■ WHAT THIS TASK INVOLVES
Give back the data exactly, with no images.

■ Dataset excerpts
------------------------------------------------------------------------

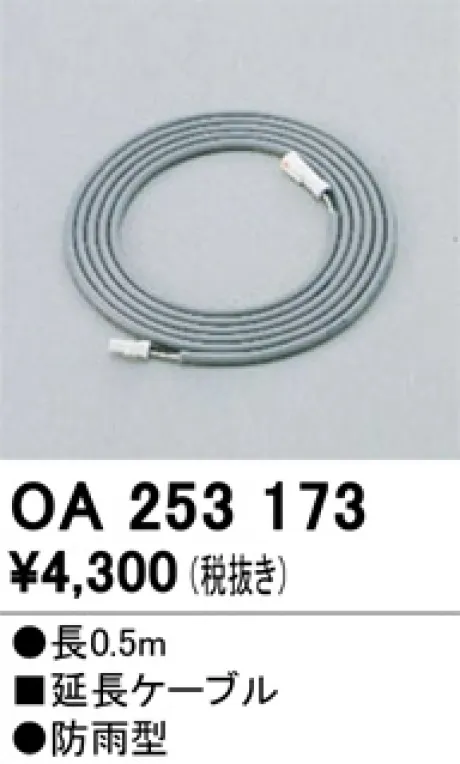OA253173
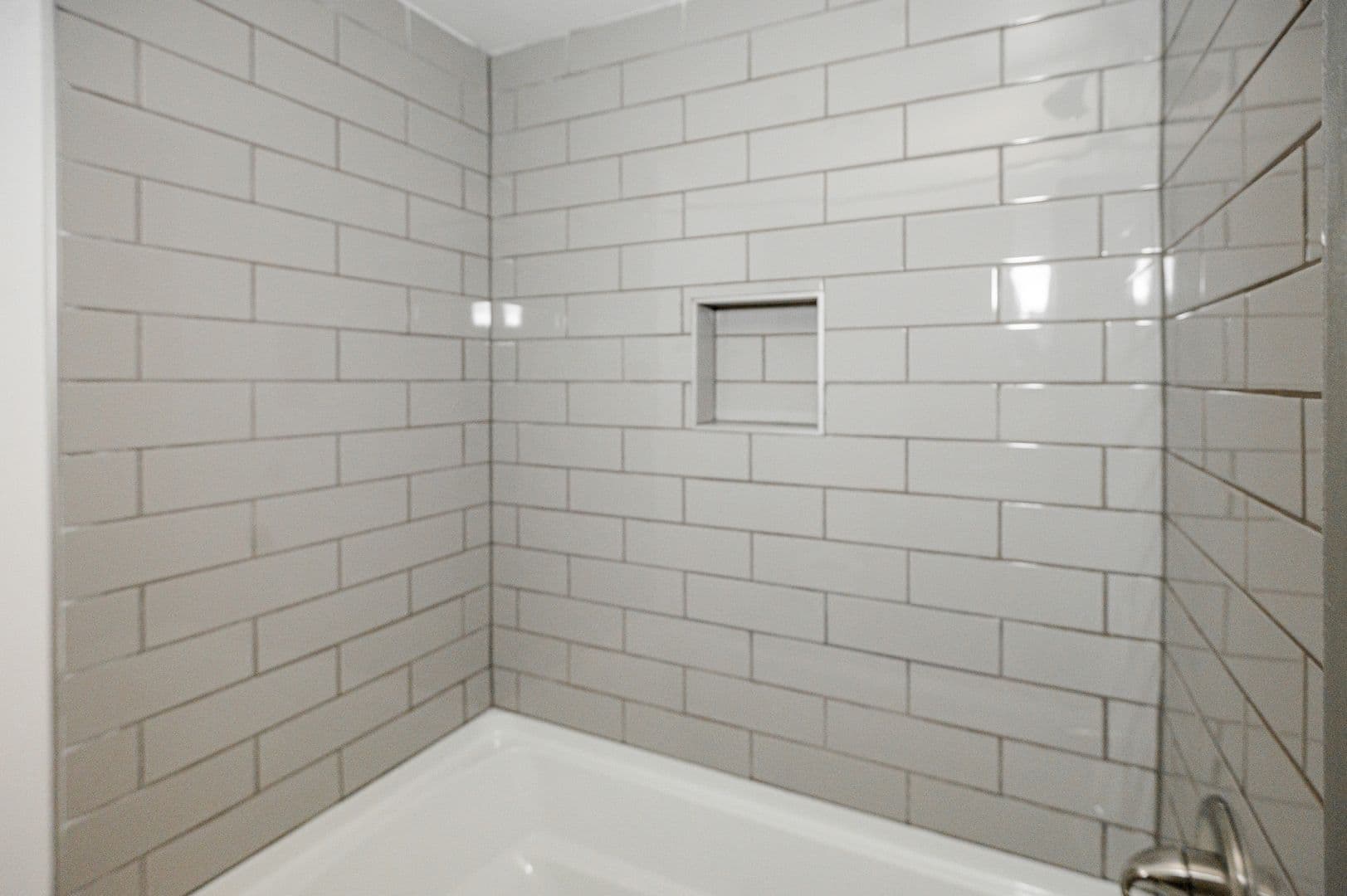Richmond Apartment: 1809 E Franklin Street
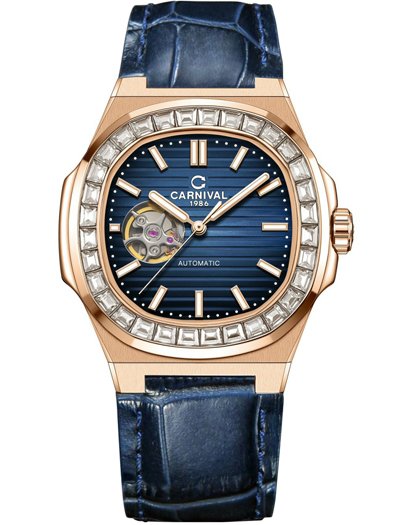 z5461124863862_38787f657278421c3cc1ade3e71bd90f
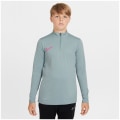 Nike Academy25 Dri-Fit Drill Kinder T-Shirt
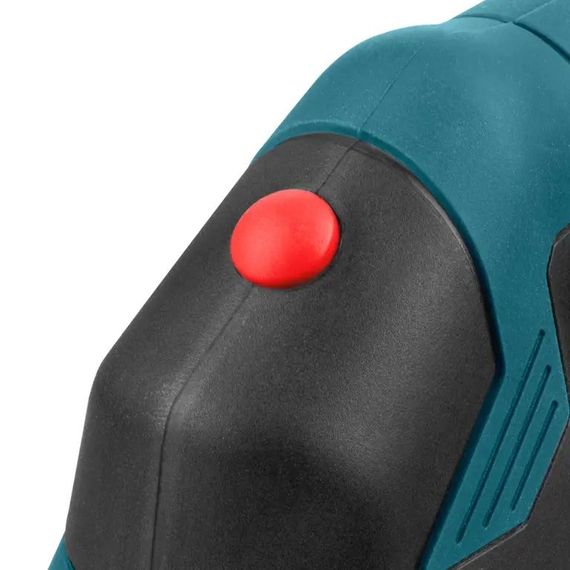 Електролобзик  акумуляторний Ronix 8608 | Зображення 5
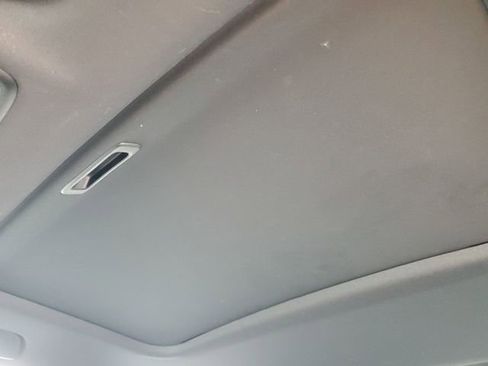 Used 2022 Honda Civic Sport Touring image 38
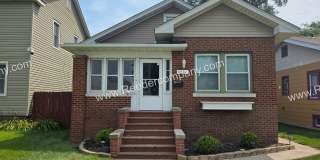 Newly remodeled 2 Bedroom house Gallery 1
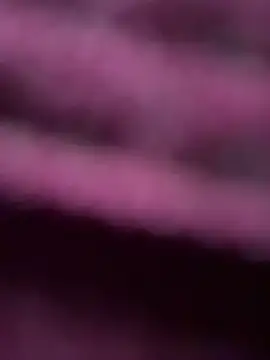 Dina_Tease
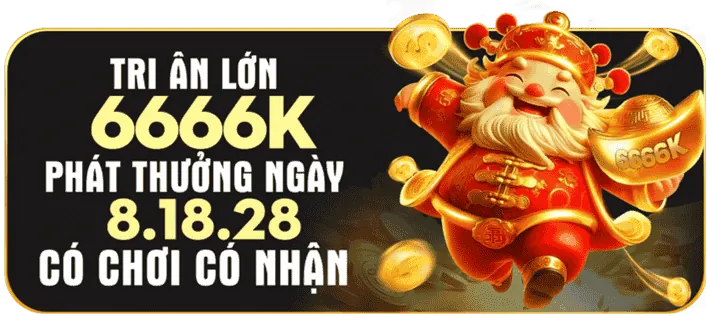 Đa dạng các loại trò chơi Nổ Hũ trên Banca28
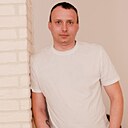 Павел, 32 года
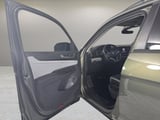 2024 Volkswagen Atlas - Preview 10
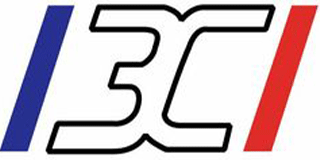 日本ビー・エックス・アイのロゴ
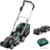 Metabo RM 36-18 LTX BL 36 T0525 - фото 1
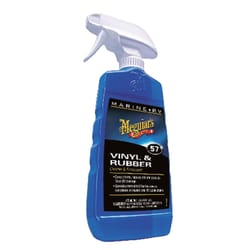 Meguiar's Marine/RV Cleaner Spray 16 oz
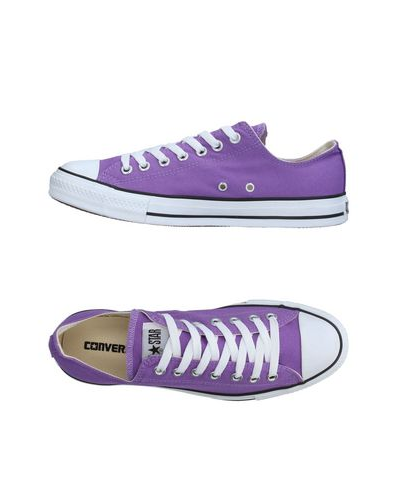 Converse optical on sale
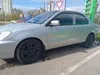 Mitsubishi Lancer 2011-16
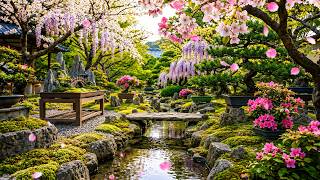The Hidden Bonsai Gardens of Kyoto — Japan’s Best Kept Secret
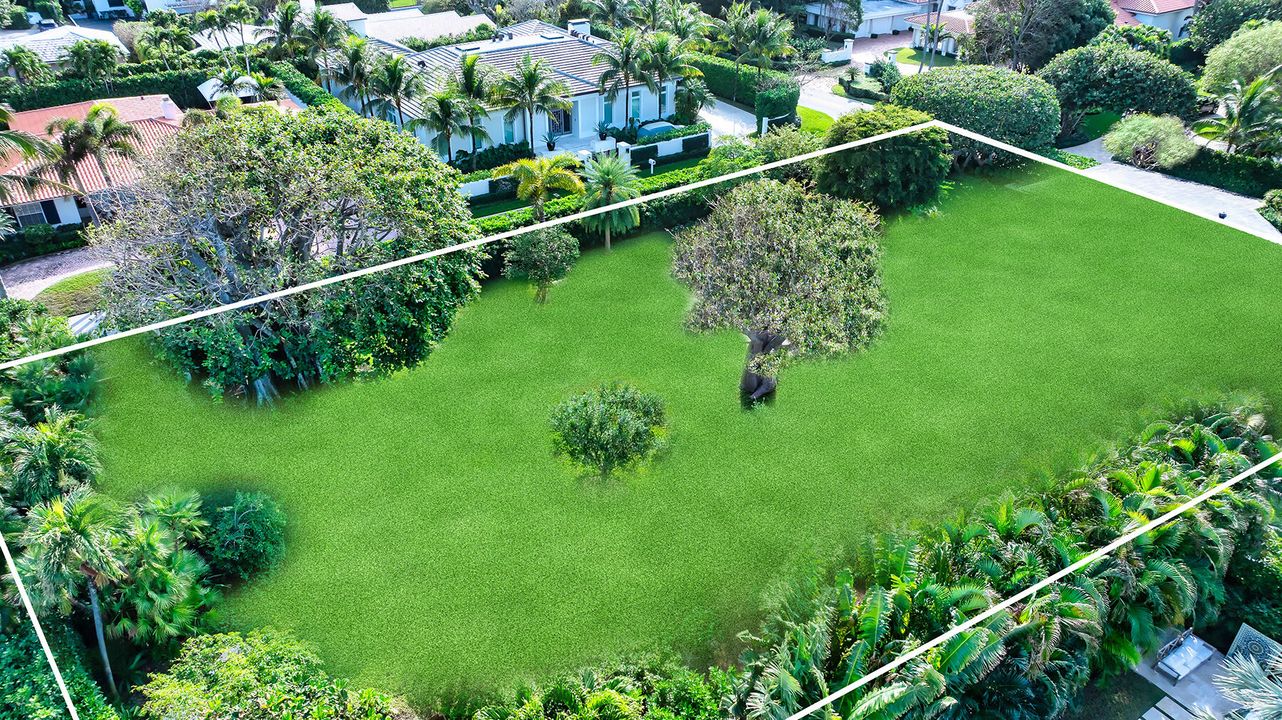 For Sale: $16,100,000 (0 beds, 0 baths, 0 Square Feet)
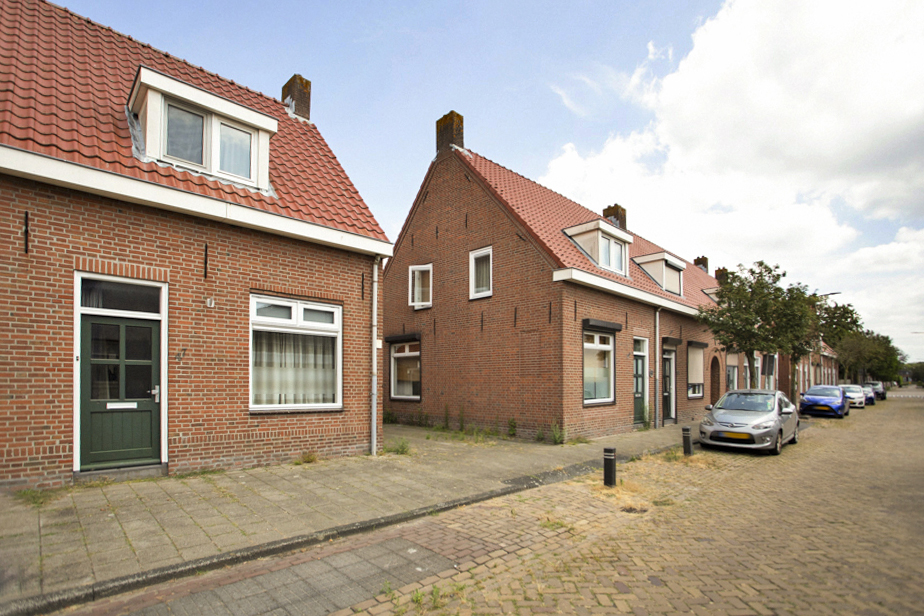 Koningstraat 47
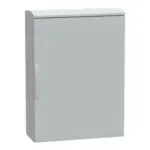 Schneider Electric NSYPLAT1073G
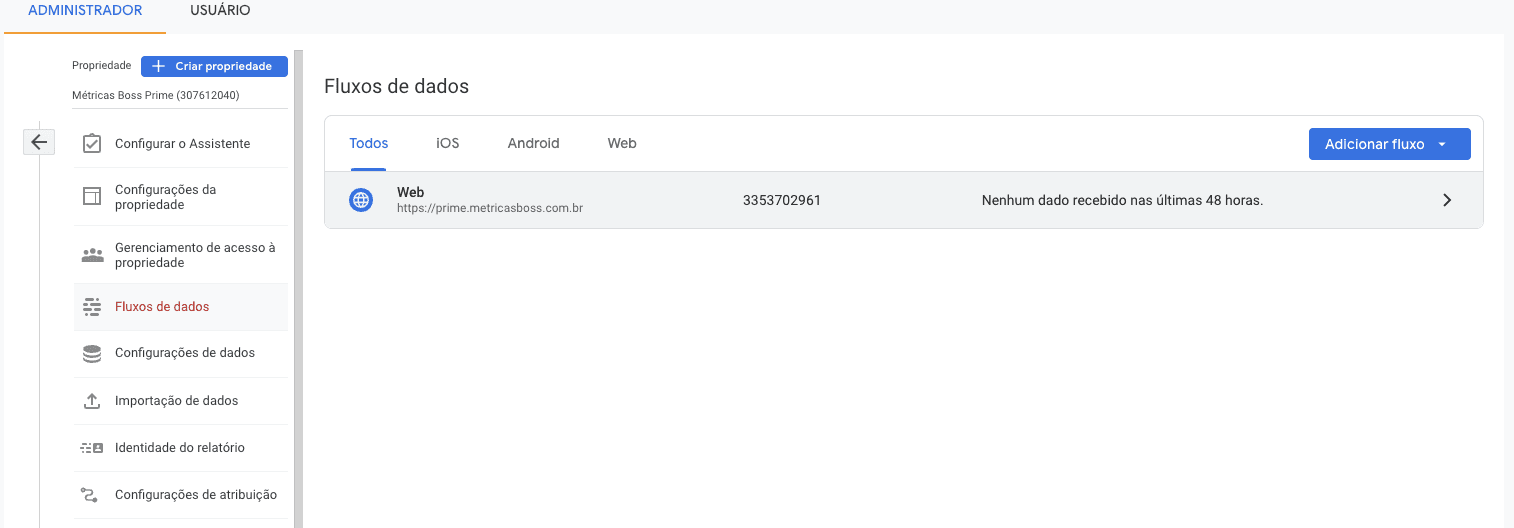 selecao fluxo web google analytics 4.png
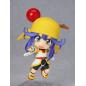 Saber Marionette J Nendoroid Lime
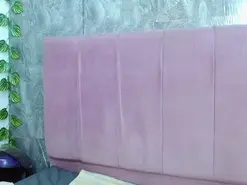 Amateur Adult Webcams of anyeladonecm101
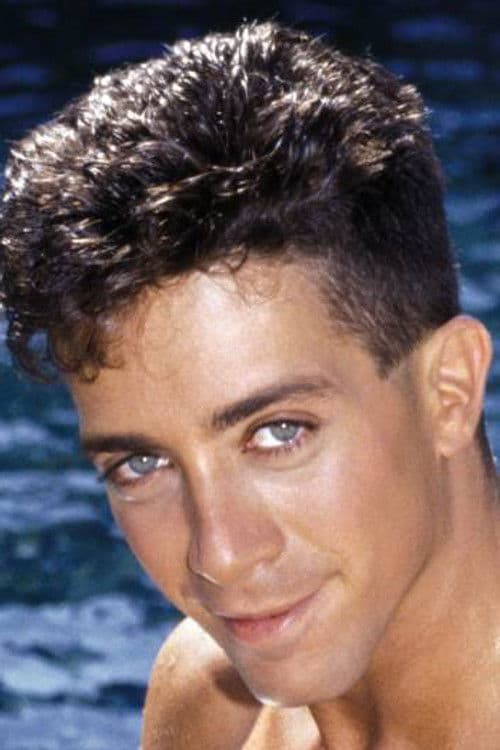 Matt Carpenter profile photo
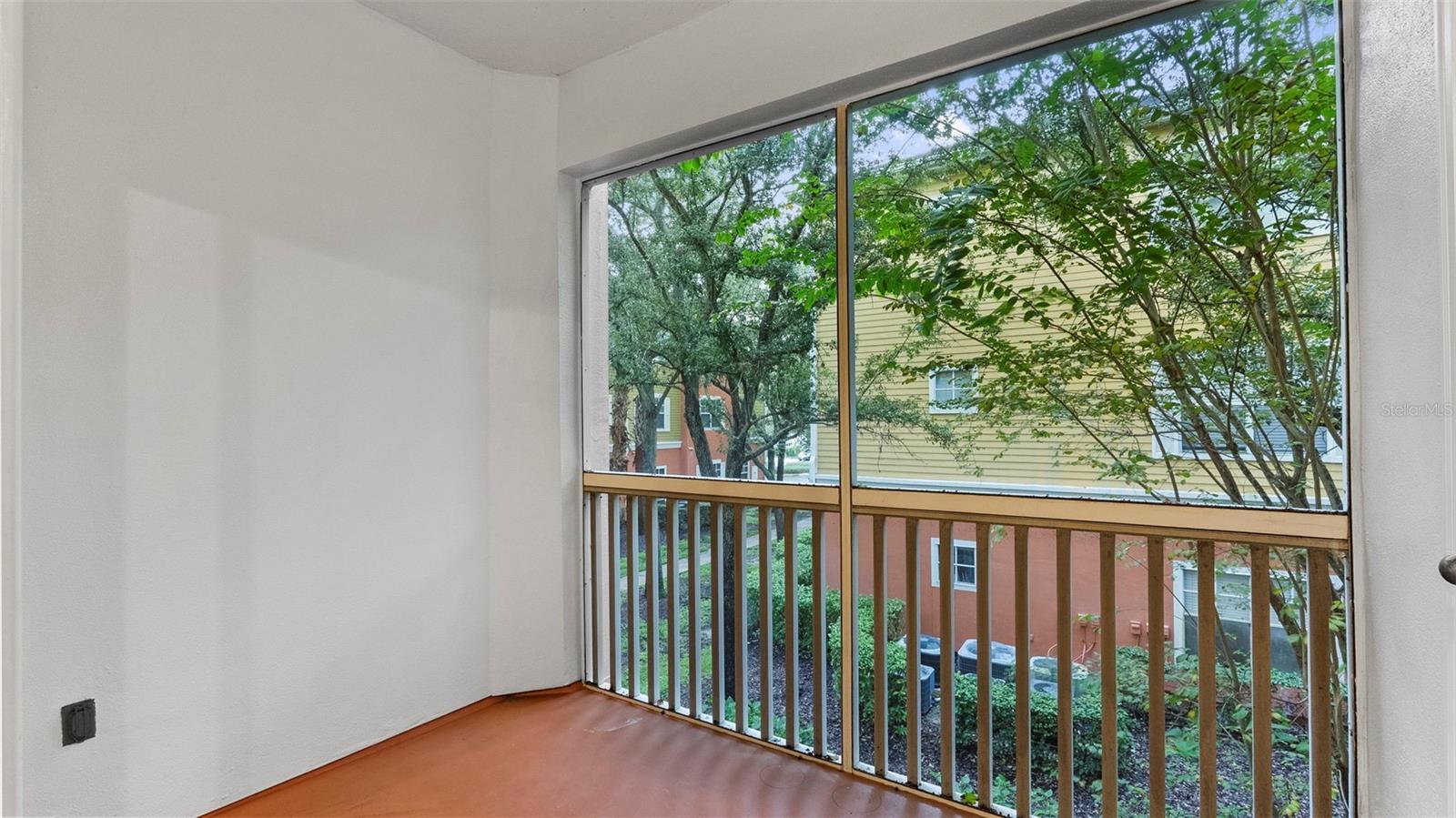 4207 S DALE MABRY HWY #6214 — photo 16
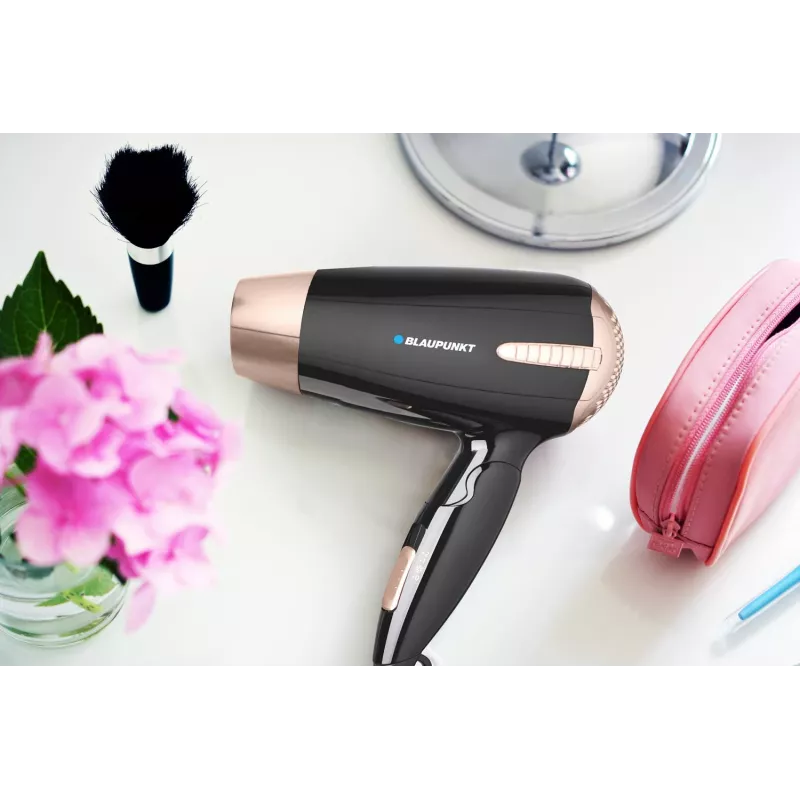 Blaupunkt Föön 1200 W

------------------------------------------------------------------------

■ EXERCISE OUTPUT
OA253173
Richmond Apartment: 1809 E Franklin Street
 z5461124863862_38787f657278421c3cc1ade3e71bd90f
 Nike Academy25 Dri-Fit Drill Kinder T-Shirt
 Електролобзик  акумуляторний Ronix 8608 | Зображення 5
 Used 2022 Honda Civic Sport Touring image 38
 Newly remodeled 2 Bedroom house Gallery 1
 Dina_Tease
 Đa dạng các loại trò chơi Nổ Hũ trên Banca28
 Павел, 32 года
 2024 Volkswagen Atlas - Preview 10
 日本ビー・エックス・アイのロゴ
 Metabo RM 36-18 LTX BL 36 T0525 - фото 1
 Meguiar's Marine/RV Cleaner Spray 16 oz
 Converse optical on sale
 Mitsubishi Lancer 2011-16
The Hidden Bonsai Gardens of Kyoto — Japan’s Best Kept Secret
 For Sale: $16,100,000 (0 beds, 0 baths, 0 Square Feet)
 Koningstraat 47
 Schneider Electric NSYPLAT1073G
 selecao fluxo web google analytics 4.png
 Saber Marionette J Nendoroid Lime
 Amateur Adult Webcams of anyeladonecm101
 Matt Carpenter profile photo
 4207 S DALE MABRY HWY #6214 — photo 16
 Blaupunkt Föön 1200 W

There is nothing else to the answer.